Charlie Savage writes today at TPMCafe regarding the Bush Administration's strategy of picking presidential lawyers to fill court vacancies is an integral part of the groundwork it has laid for a long-term expansion of White House power."
Tellingly, the administration chose all three [Supreme Court nominees] from a very narrow slice of the conservative legal universe: all three were executive branch legal warriors. They had each spent years marinating in disputes over expanding executive powers from the White House’s perspective, and were thus likely to bring a very deferential attitude to the bench when future lawsuits arose over aggressive claims of presidential authority. . . .

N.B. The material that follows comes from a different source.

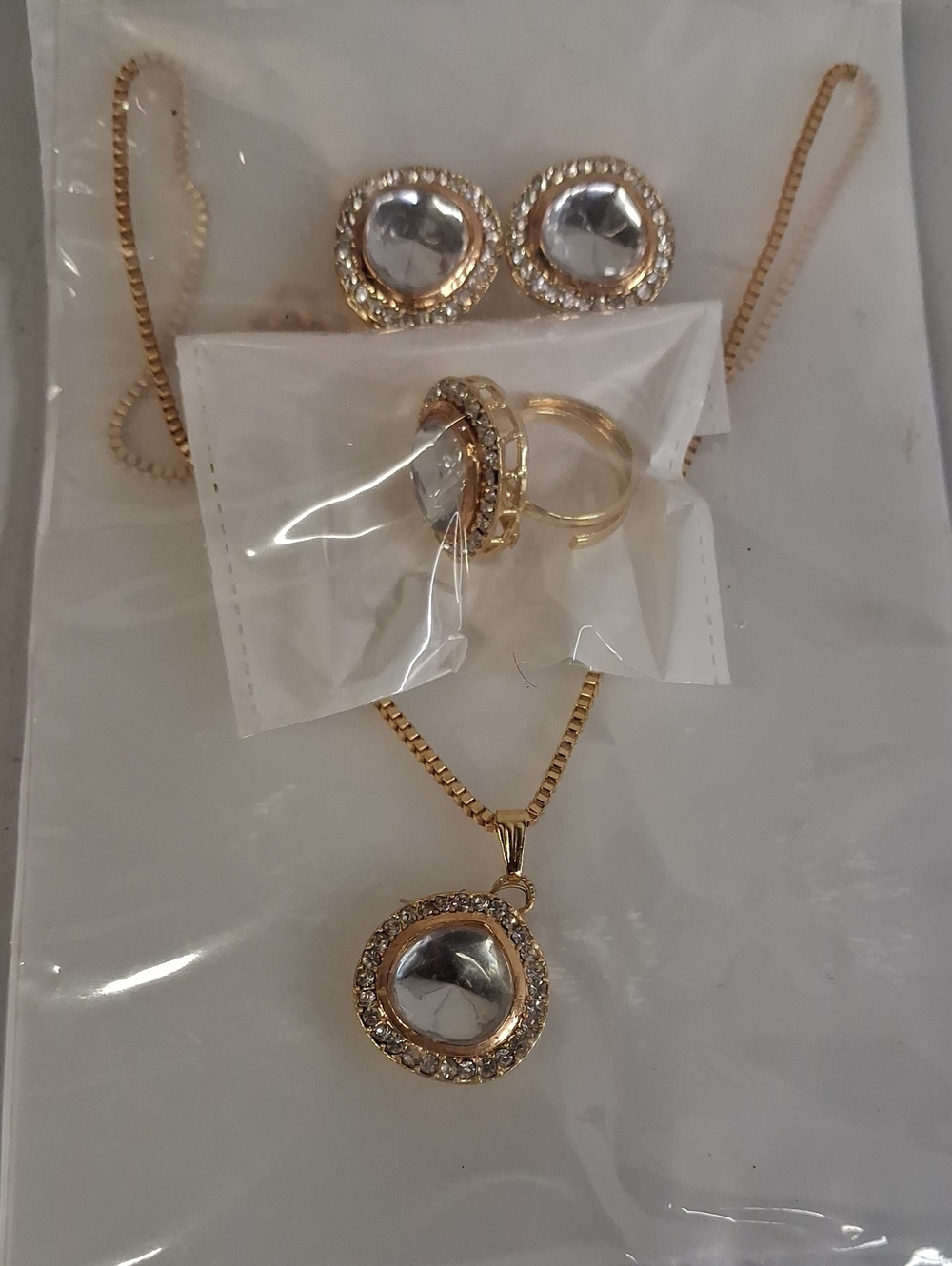 NWT Gold Toned Kundan Polki Crystal Jewelry Set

The average age of the five justices in the majority [of Hamdan, which represented the greatest setback to the Bush-Cheney legal team’s efforts to free the commander-in-chief from a need to obey laws and treaties] was greater than 72 at the time Hamdan was handed down, while the average age of the four justices in the minority was less than 59. Given the realities of the human life span, either Bush or some future president, one or two election cycles from now, will have ample opportunity to get that fifth vote. Hamdan may turn out not so much the final word as the last hurrah for the traditional view of checks and balances on presidential power.
Much more details on this topic can be found in chapter 11 of Charlie Savage's new book, Takeover: The Return of the Imperial Presidency and the Subversion of American Democracy, which The San Francisco Chronicle has characterized as "A masterful work of investigative journalism . . . [that] deserves to be remembered as one of the key texts of the Bush years." Savage recently won a Pulitzer prize for his reporting on presidential signing statements.
ACS also released the first comprehensive index of presidential signing statements issued between 2001 and 2007. It was compiled by Professor Neil Kinkopf, author of a prior ACS Issue Brief on Signing Statements and the President's Authority to Refuse to Enforce the Law, released last year.